シナリオ的に、エヴァンを多くの観客に好かれるキャラにするチャンスはいくらでもあった。
嘘の友情エピソードを感動的に歌い上げるのではなく、嘘をついた懺悔をみんなの前でして、感動させる道もあったろう。
自分に好意を寄せるゾーイに対して、良い仲になるのではなく、嘘を白状して誠実さを見せる事もできたろう。
他に色々、いくらでも白状する機会はあった。
そこを映画の見せ場にもできた。
白状しない、できないエヴァン、その弱さを表現しているのだと言われればそうなのだが、どれだけの観客がそう好意的に受けとってくれるのか。

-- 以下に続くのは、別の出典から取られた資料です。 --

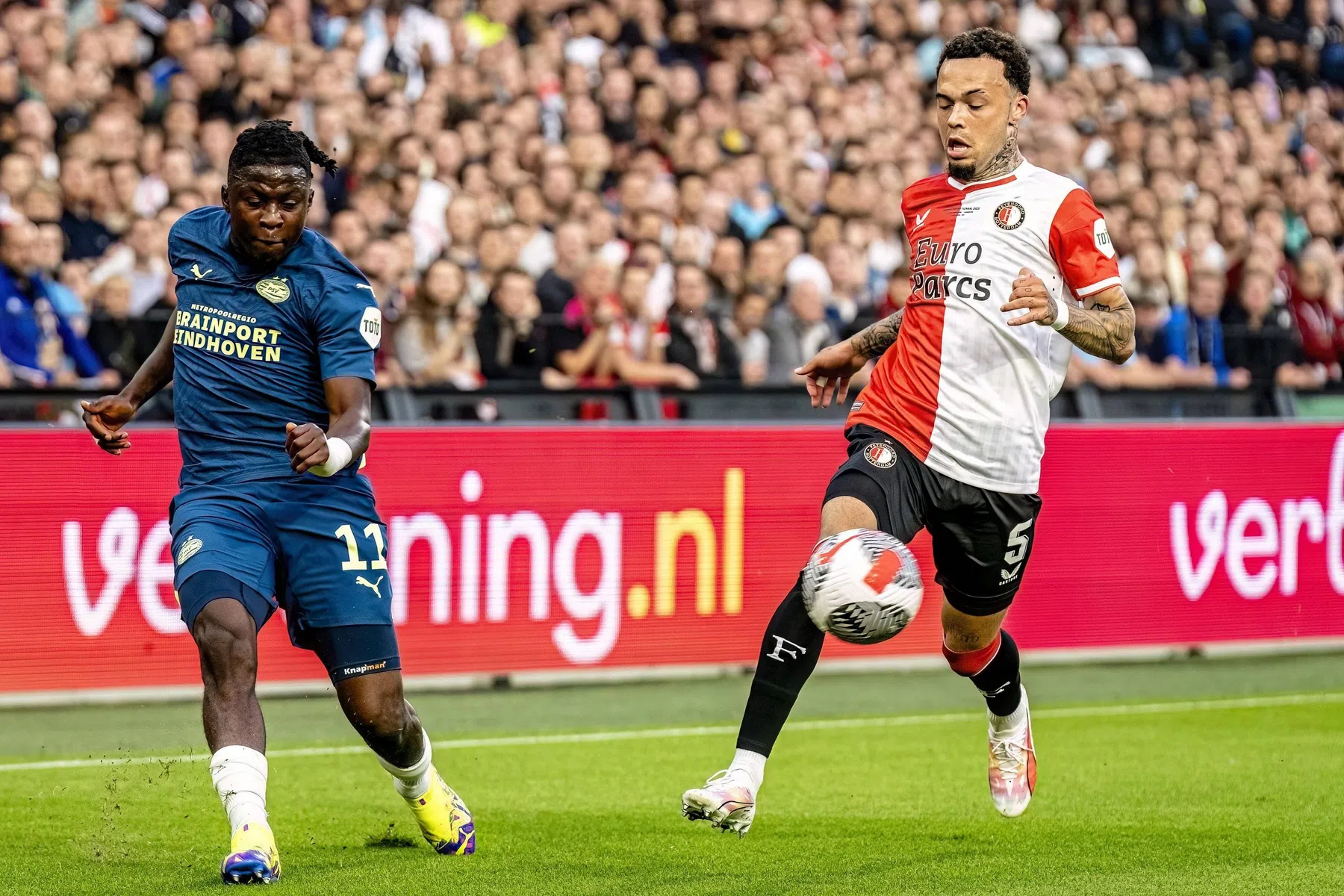 Hartman bloost van Premier League-interesse: 'Gaan zien wat er gebeurt'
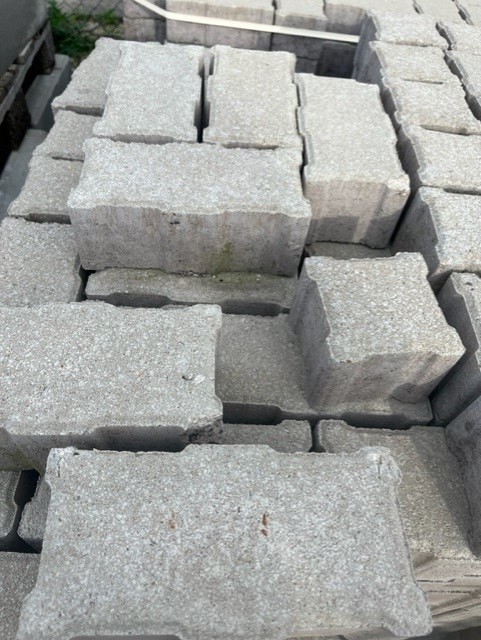 21x10,5x8 drain geob grijs mpe 44 st/m² ~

しかしここまで描いたからこそ、独特の作品になったのも事実。
そういった意図をしていたのかはわからないけど。
でもね、映画が終わって思ったのよ。
エヴァンに対して、この映画に対して抱くこの複雑な感情は何だろうと。
私の意中の女子に対して、親友が嘘をついて良い仲になった。
怒った私に対して、親友は真摯に反省し、謝ってきた。
その時、私は親友を許せるのか?
と問われている気分になった。
そこで気付いた。
何て恐ろしい映画なんだと。
見る者の器の大きさを問うてくるとは!
青春時代、誰もが多くの人間と出会い、その中には裏切られたと感じ、「こいつだけは許せない」と感じ、疎遠になった友がいるだろう。
しかしあの時許さなかった自分の選択が良かったのかどうか。
今なら許したんじゃないか?
許せばもっといい関係を築けたんじゃないか?
自分がただ小さいだけだったんじゃないのか?
そんな事を今一度考えさせるこの映画、ある意味凄い。
この不安定さと言うか、危うさこそがまさに青春映画だと感じた。
こんな映画無いよ。
以上です。だから私は感動しました。
で、私が好きな女子を嘘をついてゲットした親友。
その親友が謝ってきたら許せるかどうかって話だけど。
絶対、許さないよ。
もう口きかないよ。
器? 小さくて結構!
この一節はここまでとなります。